How to build an alerting system with Prometheus and Alertmanager

[ learning  monitoring  devops  prometheus  alert  sre  ]

Introduction

While Prometheus is excellent at collecting and storing metrics, it does not provide a built-in mechanism for alert notifications.

This is where Alertmanager comes in. Alertmanager is a component of the Prometheus ecosystem that manages and sends alerts based on the rules defined in Prometheus. It allows you to configure different alerting rules for different sets of metrics and specify how you want to receive alerts, such as via email, text messages, Slack, PagerDuty, or other integrations.

Without Alertmanager, Prometheus would be limited to only collecting and storing metrics without providing any actionable alerts when certain thresholds or conditions are met. Therefore, Alertmanager is a crucial component of the Prometheus ecosystem that complements its monitoring capabilities by enabling efficient and reliable alerting.

How Alertmanager works

The Prometheus server is a component that sends alerts to Alertmanager. Alertmanager is responsible for receiving, deduplicating, grouping, and routing alerts to various notification systems such as email, webhook, or other alerting systems via an API. Alertmanager also provides additional features such as silence management, notification inhibition, and alert template rendering.

The receivers can be configured to handle the alerts in different ways, such as sending an email, triggering a webhook, or forwarding the alert to another system for further processing. Alertmanager comes with built-in support for various receivers, but it also allows users to define custom receivers to meet their specific needs.

Alertmanager is composed of several components that work together to provide a flexible and powerful alert management system.

Here is a brief overview of some of the key Alertmanager components:

  1. Dispatcher is responsible for processing incoming alerts, deduplicating them, grouping them by their labels, and sending them to the router.

  2. Inhibitor allows users to suppress alerts based on the presence of other alerts. This can be useful in situations where a higher-level alert should suppress lower-level alerts to avoid unnecessary noise. For example, if a server is down, there is no need to receive alerts for all of the services running on that server.

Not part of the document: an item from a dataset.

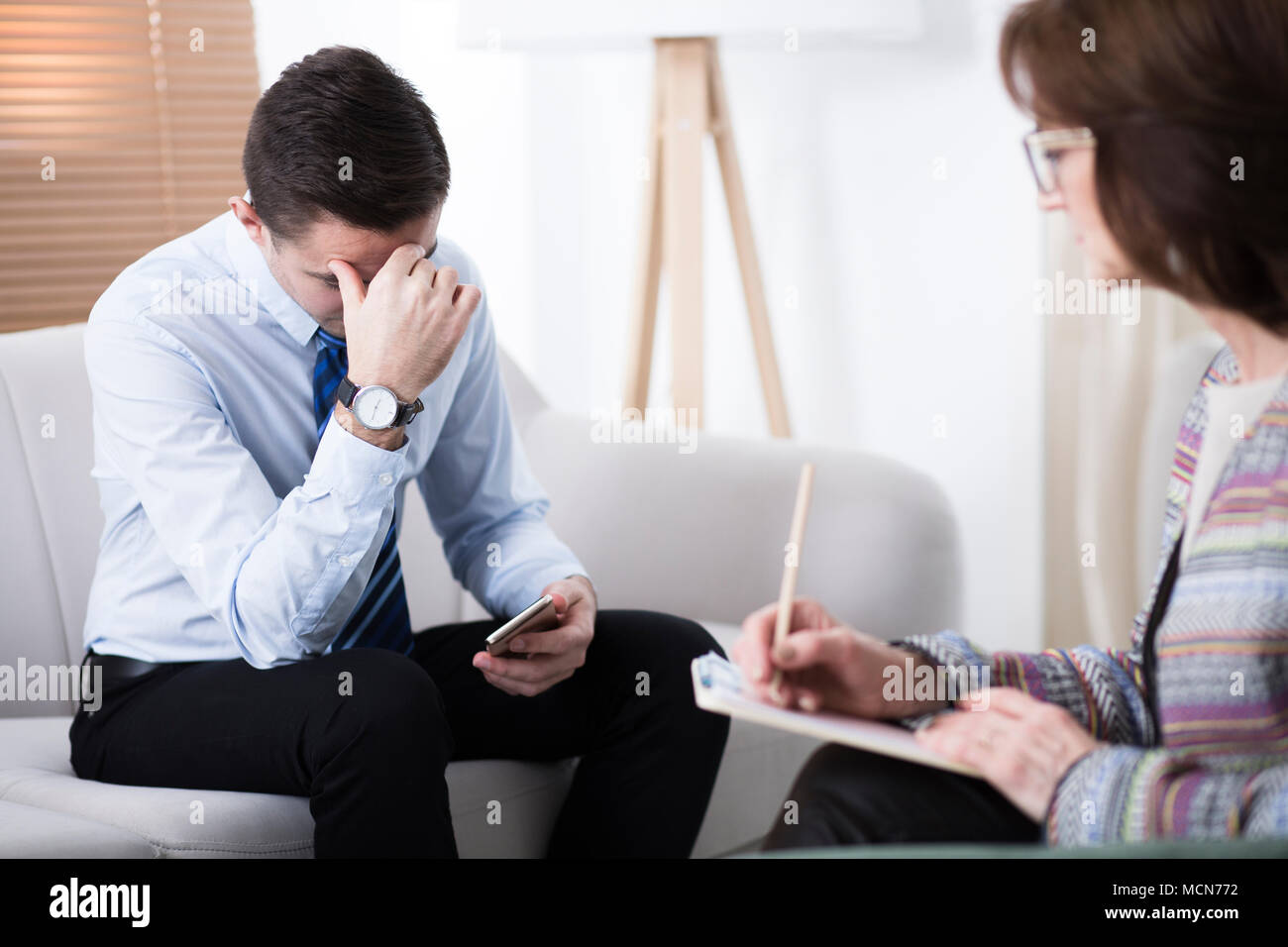 Depressed man with problems looking at his phone while sitting in a psychotherapist's office Stock Photo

  3. Silencer allows users to temporarily suppress alerts for a given period of time. This can be useful in situations where a known issue is being addressed or during maintenance windows when alerts are not needed. The Silencer supports both manual and automatic silencing based on a set of predefined rules.

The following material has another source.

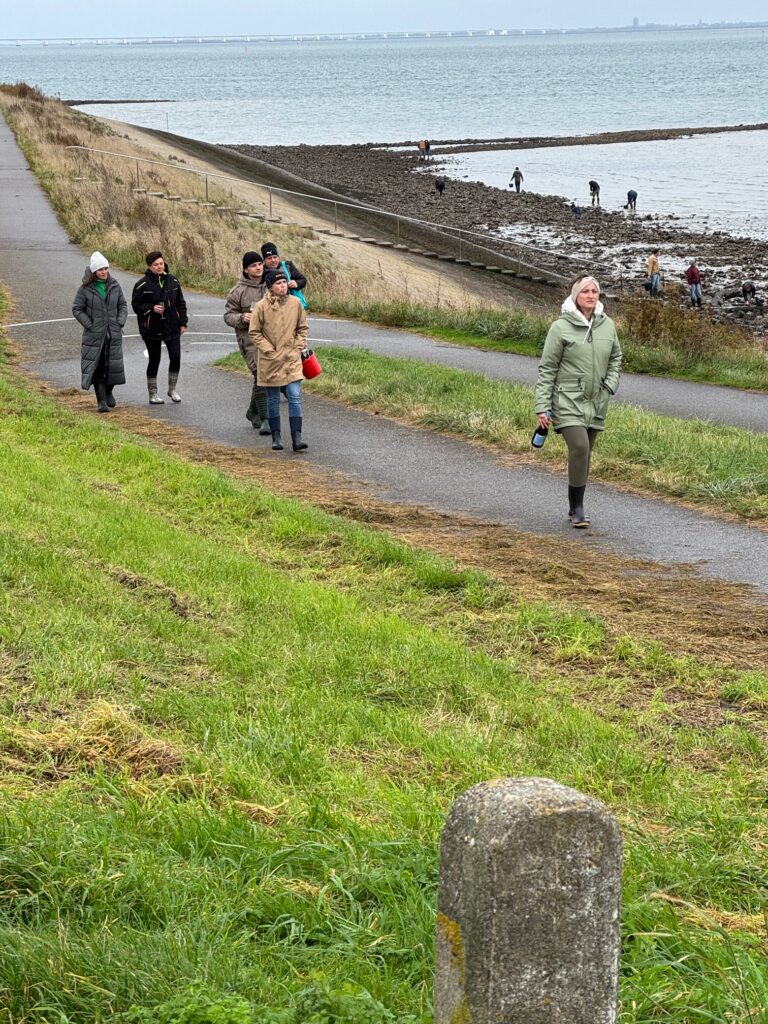 Jodi M Noord Group with Champ bottle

  4. Router is responsible for determining which receiver(s) should receive a given alert. It uses a set of routing rules that are defined by the user to match alerts based on their labels and route them to the appropriate receiver(s). The Router supports powerful regular expression matching and can be configured to route alerts based on the severity or type of the alert.

  5. Receiver is a key component that defines how alerts are sent to various notification channels or systems. The Receiver is essentially a target for alerts, and it defines which notification channels should be used for a particular alert.

Overall, these Alertmanager components work together to provide a flexible and powerful alert management system that can be customized to meet the specific needs of each user or organization.

Alerting rules

Alertmanager does not trigger alerts, it is done by the Prometheus server. So in the first step, we would define and trigger an alert on the Prometheus side without handling it by any notifications target.

In the previous post, we set up the Prometheus server to collect metrics from a web application. Now, we can use the existing Docker Compose file and extend it with some configurations.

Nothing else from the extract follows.